HDFC Bank has surpassed its target of collecting ₹1 trillion in deposits during a quarter for the first time since announcing its merger with HDFC in April last year, Business Standard reported.
During the January–March quarter (Q4) of FY23, the country’s largest private sector lender mopped up over ₹1.5 trillion in deposits.
This is a record for the bank, which saw its deposit base touch ₹18.88 trillion. According to the bank’s disclosure to the exchanges, its deposits grew by 21 per cent year-on-year (YoY) in Q4, a multi-quarter high.
Sequentially also, deposits saw a growth — of 8.7 per cent. HDFC Bank’s deposit growth is much higher than the industry, which is growing around 10 per cent. However, the bank has fallen short of its yearly target of ₹4 trillion for deposits in a financial year.
In FY23, the bank mopped up ₹3.24 trillion, up 45 per cent compared to last year (FY22). It had earlier garnered over ₹1 trillion in deposits in a quarter only once since 2015. In Q4 of FY22, deposit mobilisation by the bank was ₹1.13 trillion.
“The over 1,500 branches likely to be added in FY23 will further give impetus to deposit mobilisation in FY24. For a ~4-trillion deposit mobilisation target in FY24E, HDFC Bank needs to achieve 25 per cent YoY growth in incremental deposits for FY24E. This is achievable in our view,” he added.
The bank set itself a target of mobilising ₹1 trillion in deposits every quarter, aggregating to ₹4 trillion in a financial year. This is because it would need approximately ₹3.5 trillion in deposits to maintain the 18–20 per cent growth it has sustained over the last few years on the asset sides.
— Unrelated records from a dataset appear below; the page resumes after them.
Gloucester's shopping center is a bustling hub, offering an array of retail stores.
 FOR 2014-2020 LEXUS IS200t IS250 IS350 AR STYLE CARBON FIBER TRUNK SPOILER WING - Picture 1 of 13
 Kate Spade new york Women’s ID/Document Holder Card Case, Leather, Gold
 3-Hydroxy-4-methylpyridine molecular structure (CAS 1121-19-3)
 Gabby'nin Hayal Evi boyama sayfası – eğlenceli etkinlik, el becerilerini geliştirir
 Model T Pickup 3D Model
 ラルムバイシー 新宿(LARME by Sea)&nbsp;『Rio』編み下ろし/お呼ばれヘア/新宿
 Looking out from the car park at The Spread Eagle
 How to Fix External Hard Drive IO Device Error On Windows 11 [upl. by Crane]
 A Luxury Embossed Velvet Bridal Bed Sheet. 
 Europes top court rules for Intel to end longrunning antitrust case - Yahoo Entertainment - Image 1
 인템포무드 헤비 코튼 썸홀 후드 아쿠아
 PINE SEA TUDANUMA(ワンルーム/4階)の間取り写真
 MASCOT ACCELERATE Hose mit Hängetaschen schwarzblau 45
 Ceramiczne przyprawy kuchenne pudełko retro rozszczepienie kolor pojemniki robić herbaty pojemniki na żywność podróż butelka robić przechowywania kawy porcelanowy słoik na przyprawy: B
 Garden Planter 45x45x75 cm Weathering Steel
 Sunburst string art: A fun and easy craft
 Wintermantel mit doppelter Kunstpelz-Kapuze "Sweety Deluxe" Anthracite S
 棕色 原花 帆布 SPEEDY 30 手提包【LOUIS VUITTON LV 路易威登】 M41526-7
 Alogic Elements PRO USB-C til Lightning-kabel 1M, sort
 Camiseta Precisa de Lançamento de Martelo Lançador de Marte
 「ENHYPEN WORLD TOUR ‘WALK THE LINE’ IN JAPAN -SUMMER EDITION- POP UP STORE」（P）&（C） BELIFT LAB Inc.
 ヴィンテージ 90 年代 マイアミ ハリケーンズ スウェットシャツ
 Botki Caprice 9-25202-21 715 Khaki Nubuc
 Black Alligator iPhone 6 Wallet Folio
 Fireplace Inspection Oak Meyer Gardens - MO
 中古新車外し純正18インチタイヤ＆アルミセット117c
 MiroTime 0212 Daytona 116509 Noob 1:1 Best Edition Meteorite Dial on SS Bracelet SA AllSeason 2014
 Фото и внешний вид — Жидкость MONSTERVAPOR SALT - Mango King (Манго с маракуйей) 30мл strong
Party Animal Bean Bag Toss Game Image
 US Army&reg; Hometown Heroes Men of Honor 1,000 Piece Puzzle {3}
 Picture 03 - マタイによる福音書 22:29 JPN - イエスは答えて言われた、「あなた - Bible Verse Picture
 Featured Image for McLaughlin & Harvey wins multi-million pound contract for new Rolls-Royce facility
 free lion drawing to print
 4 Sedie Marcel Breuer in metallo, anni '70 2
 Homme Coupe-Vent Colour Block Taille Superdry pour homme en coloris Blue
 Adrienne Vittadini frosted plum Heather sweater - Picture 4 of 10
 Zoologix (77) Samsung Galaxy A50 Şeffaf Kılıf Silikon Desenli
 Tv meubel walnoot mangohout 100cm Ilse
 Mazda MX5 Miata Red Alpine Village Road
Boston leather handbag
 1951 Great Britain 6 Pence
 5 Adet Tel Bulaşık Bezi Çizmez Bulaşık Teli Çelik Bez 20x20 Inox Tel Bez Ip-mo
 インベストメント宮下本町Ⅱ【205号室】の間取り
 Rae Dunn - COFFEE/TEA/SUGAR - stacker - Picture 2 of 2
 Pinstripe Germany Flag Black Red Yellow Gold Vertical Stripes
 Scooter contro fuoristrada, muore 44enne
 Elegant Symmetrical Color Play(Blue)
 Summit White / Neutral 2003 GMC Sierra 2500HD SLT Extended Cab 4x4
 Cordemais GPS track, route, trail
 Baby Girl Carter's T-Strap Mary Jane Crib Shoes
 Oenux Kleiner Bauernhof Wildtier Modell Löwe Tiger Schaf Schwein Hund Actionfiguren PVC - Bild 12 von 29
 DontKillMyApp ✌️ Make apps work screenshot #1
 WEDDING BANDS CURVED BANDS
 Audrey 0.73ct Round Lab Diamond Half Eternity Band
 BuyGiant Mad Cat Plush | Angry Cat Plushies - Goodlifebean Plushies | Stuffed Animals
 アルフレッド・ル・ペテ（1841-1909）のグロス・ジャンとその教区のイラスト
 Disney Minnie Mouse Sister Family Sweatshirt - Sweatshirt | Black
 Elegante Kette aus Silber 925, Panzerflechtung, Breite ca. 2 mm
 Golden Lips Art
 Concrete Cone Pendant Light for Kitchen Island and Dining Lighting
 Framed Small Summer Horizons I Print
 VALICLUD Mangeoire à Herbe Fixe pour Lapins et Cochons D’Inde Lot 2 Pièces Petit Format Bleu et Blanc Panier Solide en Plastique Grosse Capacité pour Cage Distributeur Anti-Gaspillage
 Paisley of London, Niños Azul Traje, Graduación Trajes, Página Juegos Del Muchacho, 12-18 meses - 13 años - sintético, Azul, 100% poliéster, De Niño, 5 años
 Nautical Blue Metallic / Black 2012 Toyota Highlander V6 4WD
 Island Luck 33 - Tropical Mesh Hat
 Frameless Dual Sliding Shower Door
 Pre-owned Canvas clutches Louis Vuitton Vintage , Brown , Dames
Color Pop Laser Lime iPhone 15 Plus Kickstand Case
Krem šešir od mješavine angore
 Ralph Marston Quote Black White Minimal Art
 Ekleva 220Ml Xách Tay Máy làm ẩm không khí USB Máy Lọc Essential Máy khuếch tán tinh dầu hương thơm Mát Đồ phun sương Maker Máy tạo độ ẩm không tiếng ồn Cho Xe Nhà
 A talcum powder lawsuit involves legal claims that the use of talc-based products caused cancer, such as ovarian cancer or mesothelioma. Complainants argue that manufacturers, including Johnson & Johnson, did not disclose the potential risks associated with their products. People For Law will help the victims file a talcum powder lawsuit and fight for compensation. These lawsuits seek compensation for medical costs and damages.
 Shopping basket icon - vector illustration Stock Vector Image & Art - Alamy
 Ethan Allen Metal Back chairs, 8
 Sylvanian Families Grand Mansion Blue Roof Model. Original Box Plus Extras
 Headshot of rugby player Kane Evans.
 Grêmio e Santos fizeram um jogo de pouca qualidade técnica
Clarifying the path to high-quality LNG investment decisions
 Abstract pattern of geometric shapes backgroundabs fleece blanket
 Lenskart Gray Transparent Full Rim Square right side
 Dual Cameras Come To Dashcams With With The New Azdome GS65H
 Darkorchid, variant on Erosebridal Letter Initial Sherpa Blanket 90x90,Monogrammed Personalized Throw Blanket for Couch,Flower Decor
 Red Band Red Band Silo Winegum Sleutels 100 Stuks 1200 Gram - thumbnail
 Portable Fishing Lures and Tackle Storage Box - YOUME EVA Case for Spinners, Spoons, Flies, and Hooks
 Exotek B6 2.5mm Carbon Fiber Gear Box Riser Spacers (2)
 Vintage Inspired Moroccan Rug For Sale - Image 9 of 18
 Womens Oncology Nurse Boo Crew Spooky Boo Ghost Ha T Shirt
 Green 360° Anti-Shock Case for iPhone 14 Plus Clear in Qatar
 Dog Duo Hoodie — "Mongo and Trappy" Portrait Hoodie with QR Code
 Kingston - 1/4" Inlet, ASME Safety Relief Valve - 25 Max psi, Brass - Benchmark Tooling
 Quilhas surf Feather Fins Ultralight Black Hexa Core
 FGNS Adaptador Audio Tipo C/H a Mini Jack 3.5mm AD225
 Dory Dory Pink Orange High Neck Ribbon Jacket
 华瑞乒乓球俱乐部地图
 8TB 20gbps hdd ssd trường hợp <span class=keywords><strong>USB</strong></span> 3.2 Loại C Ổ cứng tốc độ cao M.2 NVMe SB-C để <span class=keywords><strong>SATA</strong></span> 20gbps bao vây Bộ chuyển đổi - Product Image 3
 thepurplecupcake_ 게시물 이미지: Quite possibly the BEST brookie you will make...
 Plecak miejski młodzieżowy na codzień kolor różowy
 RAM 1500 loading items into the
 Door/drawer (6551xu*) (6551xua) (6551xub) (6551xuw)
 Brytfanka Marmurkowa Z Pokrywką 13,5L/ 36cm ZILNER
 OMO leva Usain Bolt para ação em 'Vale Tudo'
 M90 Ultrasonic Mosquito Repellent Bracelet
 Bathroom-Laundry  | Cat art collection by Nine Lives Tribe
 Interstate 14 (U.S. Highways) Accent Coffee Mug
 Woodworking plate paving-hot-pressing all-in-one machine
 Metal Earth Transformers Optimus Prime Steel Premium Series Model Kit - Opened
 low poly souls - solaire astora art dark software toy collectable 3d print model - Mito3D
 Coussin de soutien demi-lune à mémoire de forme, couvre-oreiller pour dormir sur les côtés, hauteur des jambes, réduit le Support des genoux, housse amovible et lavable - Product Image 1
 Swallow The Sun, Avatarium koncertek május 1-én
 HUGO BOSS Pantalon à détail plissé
Around ₹5–6 trillion of HDFC Ltd assets will also get added to the bank’s existing assets when the merger takes place.
HDFC Bank has requested the Reserve Bank of India (RBI) for a phased-in approach in respect of statutory liquidity ratio (SLR)/cash reserve ratio (CRR), priority sector lending (PSL), grandfathering of certain assets and liabilities as well as in respect of some subsidiaries.